Today the inspector came for checking for carpenter ants at the suggestion of the exterminator.  Not only did he find carpenter ants but brown recluse spiders.  I have been hearing about them for so long and here they are in my own house.  Now I have to have treatment for getting rid of both carpenter ants and brown recluse.  Since I live here in Missouri they are quite common.  The inspector told me since the dogs are older, blind and diabetic their immune system is not good and should be protected from the spider's bite.  He is going to first do trial with glue boards of some kind and then in 30 days check to see how many are caught.  This is so upsetting to me that I want to throw everything out.  They do like to hide he said and I should be extremely careful when handling anything.  Do you ever feel a prisoner in your own home?  He said my neighbors aren't probably aware of them and only will realize when someone gets bit.  Just thought I would keep you up to date on this bug problem that seems to be developing into a real nightmare.  And I thought Stephen King wrote fiction.  I feel like I am living one of his books.  Not funny when you are in the middle of this.


----------



## TexasBlueHeron (Sep 8, 2005)

Wow, ITK. I am so sorry to hear that.
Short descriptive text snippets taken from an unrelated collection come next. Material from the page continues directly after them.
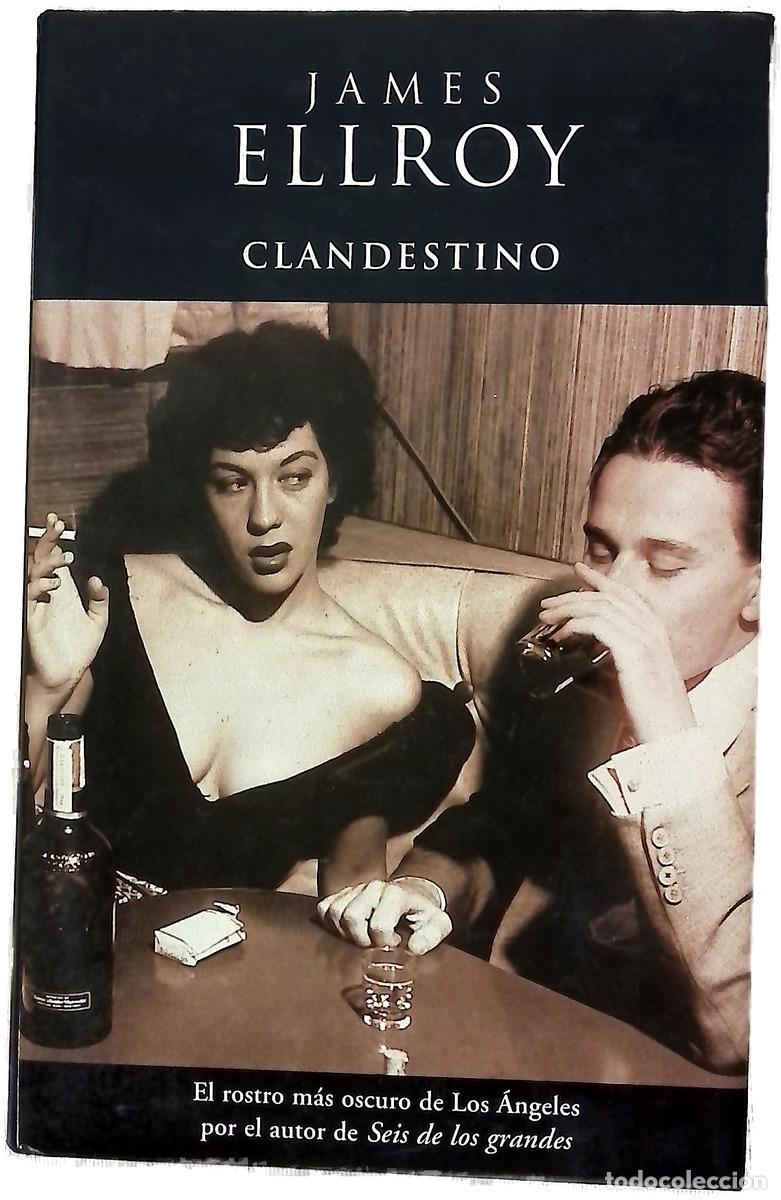 B&uuml;cher: Clandestino - Ellroy, James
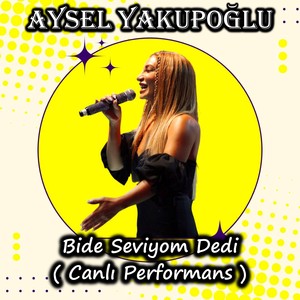 Bide Seviyom Dedi ( Canlı Performans )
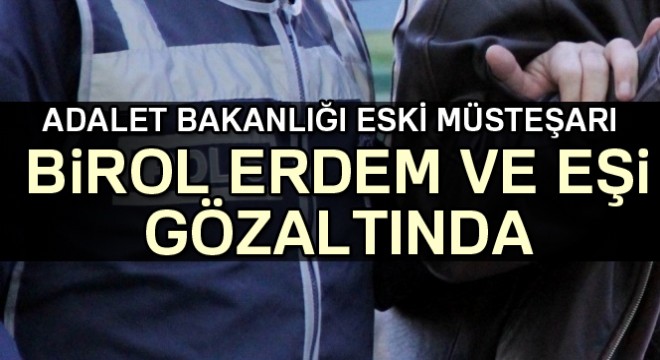 Son dakika! Adalet Bakanlığı eski müsteşarı Birol Erdem gözaltında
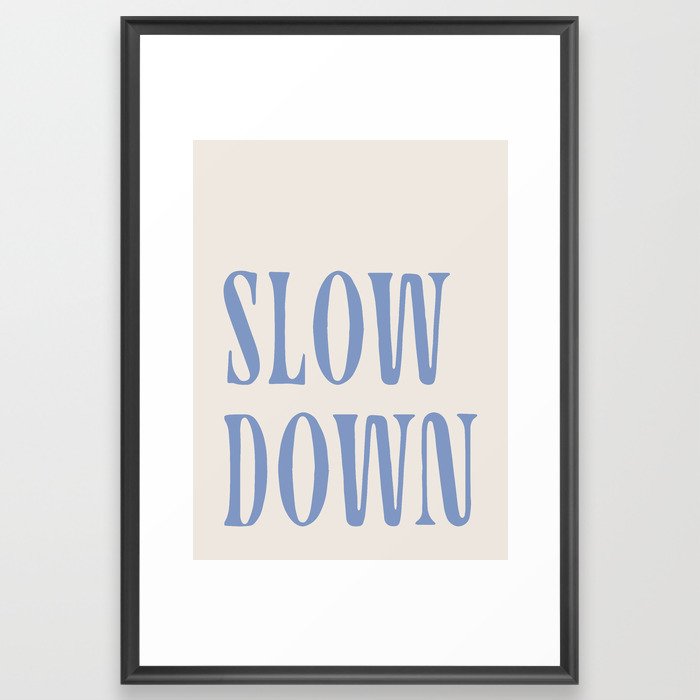 slow down Framed Art Print
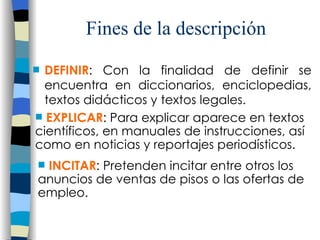 Fines de la descripci ón DEFINIR : Con la finalidad de definir se encuentra en diccionarios, enciclopedias, textos didácticos y textos legales. EXPLICAR : Para explicar aparece en textos científicos, en manuales de instrucciones, así como en noticias y reportajes periodísticos. INCITAR : Pretenden incitar entre otros los anuncios de ventas de pisos o las ofertas de empleo. 
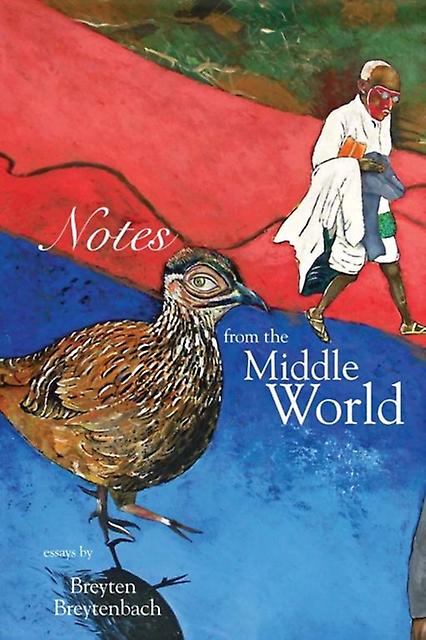 Notes From The Middle World by Breyten Breytenbach Paperback Book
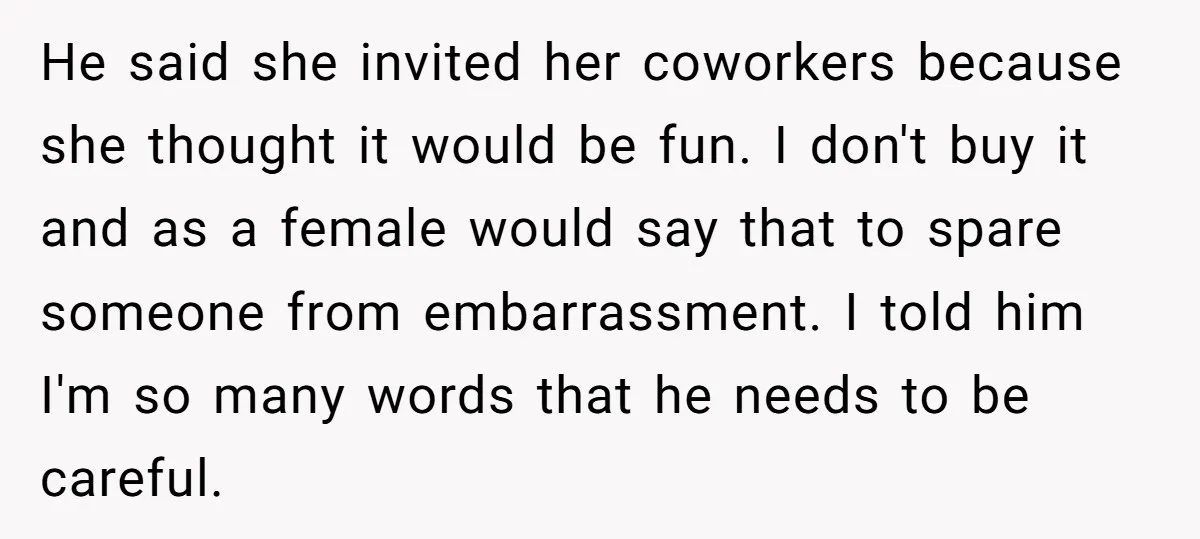 He said she invited her coworkers because she thought it would be fun. I don't buy it and as a female would say that to spare someone from embarrassment. I...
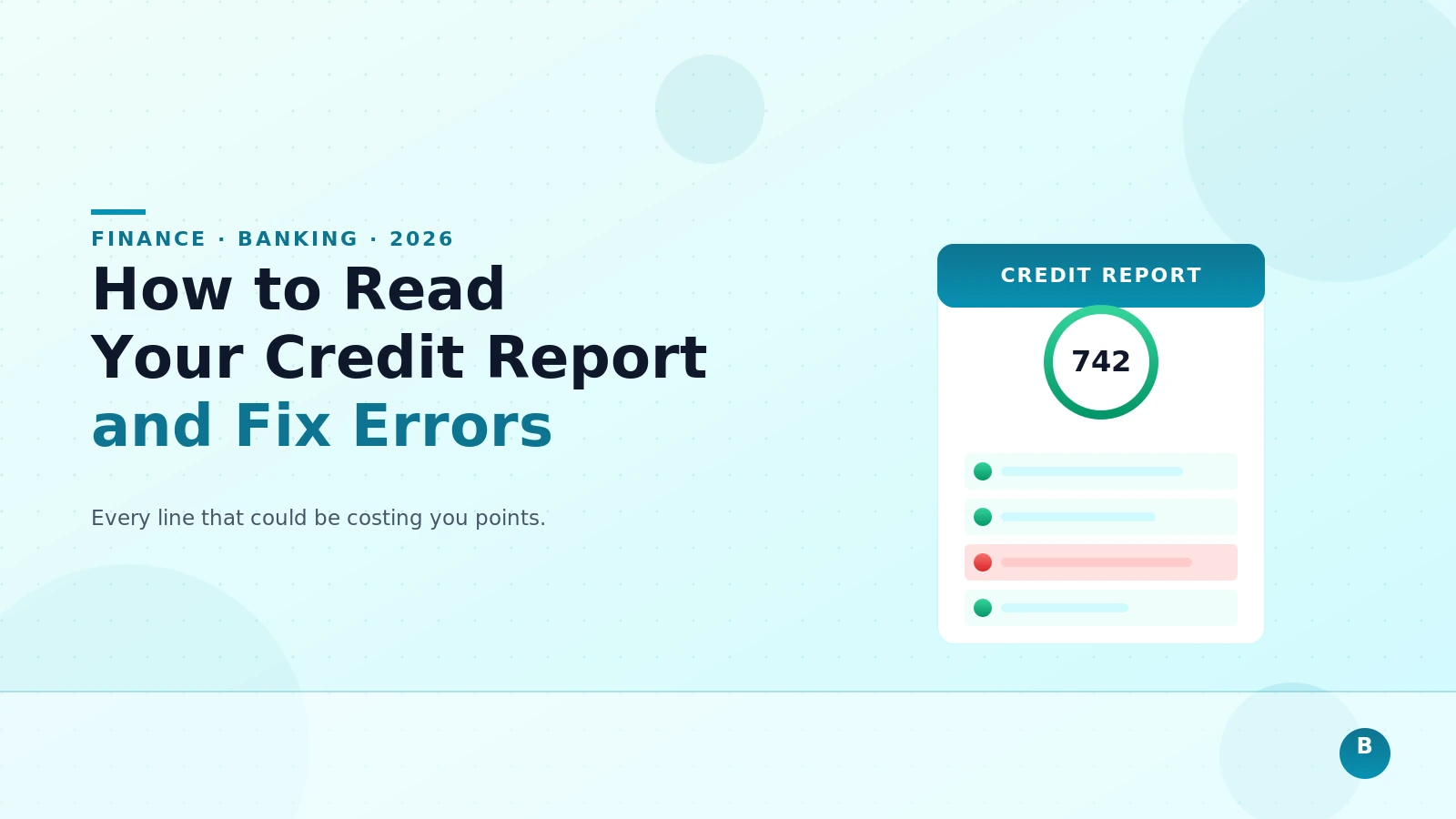 How to Read Your Credit Report (and Fix What's Wrong)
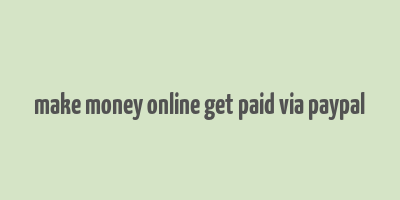 make money online get paid via paypal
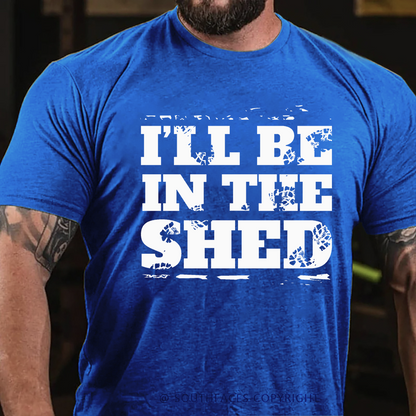 I'll Be In The Shed Funny Men's T-shirt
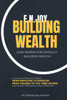 E.N.JOY BUILDING WEALTH : Easy Norms For Joyfully Building Wealth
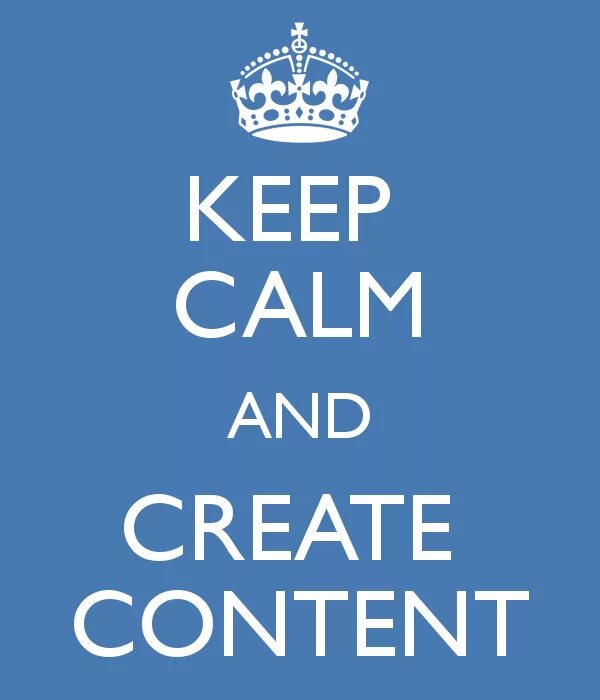 Calm down. Keep Calm marketing. Keep writing. Remain Calm down.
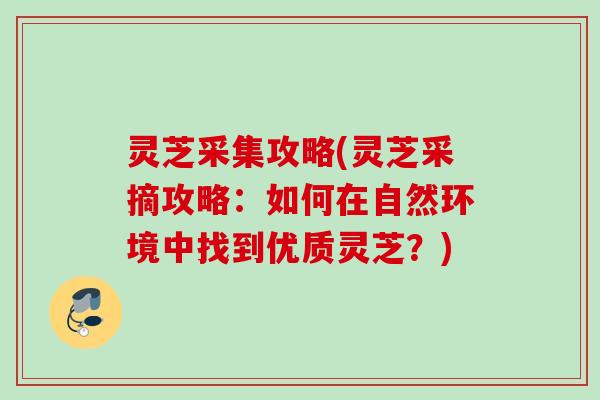 灵芝采集攻略(灵芝采摘攻略:如何在自然环境中找到优质灵芝?) 灵芝采集攻略(灵芝采摘攻略:如何在自然环境中找到优质灵芝?)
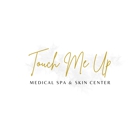 Touch Me Up Medical Spa & Skin Center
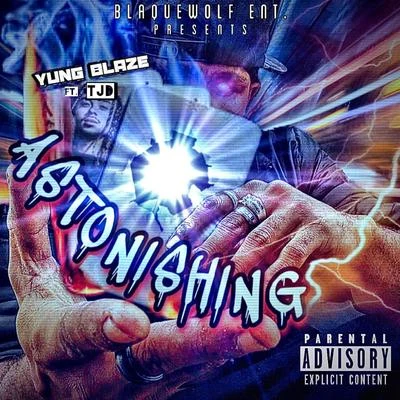 Astonishing (feat. TJD) 专辑 Yung Blaze/Kevin Gates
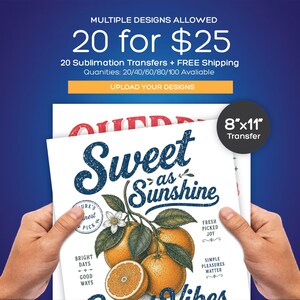 May include: A white sublimation transfer with the text "Sweet as Sunshine" and an illustration of oranges. The transfer is 8" x 11" and includes additional text such as "Bright Days" and "Fresh Picked Joy".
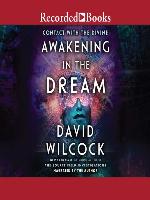 Awakening in the Dream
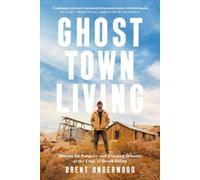 Brent Underwood Ghost Town Living (Copertina rigida)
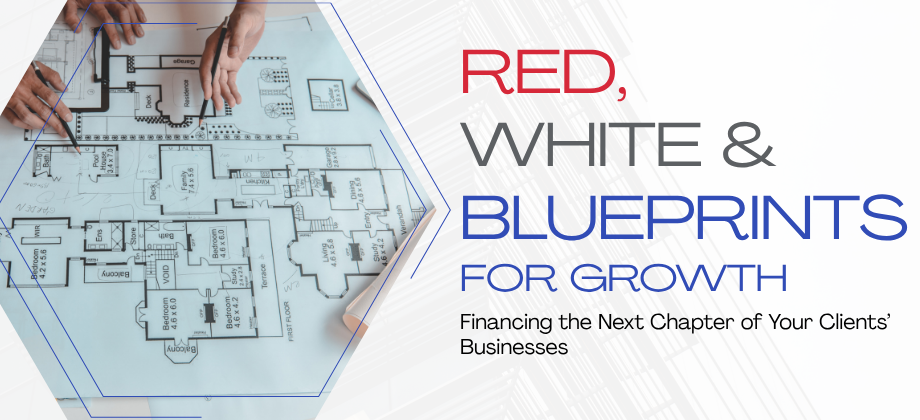Red, White & Blueprints for Growth: Financing the Next Chapter of Your Clients’ Businesses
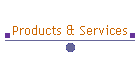 Products & Services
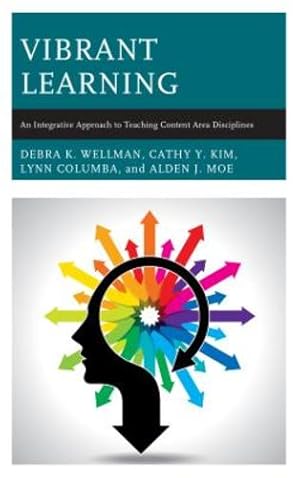 Bild des Verkufers fr Vibrant Learning: An Integrative Approach to Teaching Content Area Disciplines [Soft Cover ] zum Verkauf von booksXpress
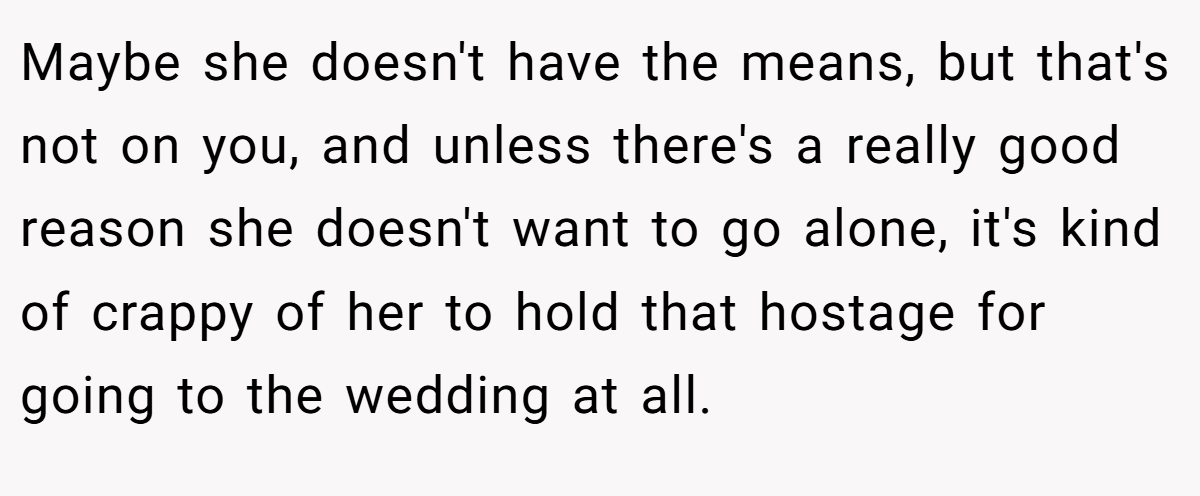 Maybe she doesn't have the means, but that's not on you, and unless there's a really good reason she doesn't want to go alone, it's kind of crappy of her to hold that hostage for going to the wedding at all.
Either of those are pretty horrific. At least you're getting aggressive on eliminating them - thank goodness the exterminator came out when he did!


----------



## Alix (Sep 8, 2005)

ITK, do you have an attic? I understand the spiders will prefer that area to most others. I am so sorry to hear about your troubles continuing. That is just awful. Hang in there. The exterminator is going to get rid of all of them for you and it will be OK. They call them "recluse" spiders because they really would rather stay the heck away from all other big living things so they shouldn't bother you too much. Just be careful and know that we are all with you.


----------



## In the Kitchen (Sep 8, 2005)

TexasBlueHeron said:
			
		

> Wow, ITK. I am so sorry to hear that. Either of those are pretty horrific. At least you're getting aggressive on eliminating them - thank goodness the exterminator came out when he did!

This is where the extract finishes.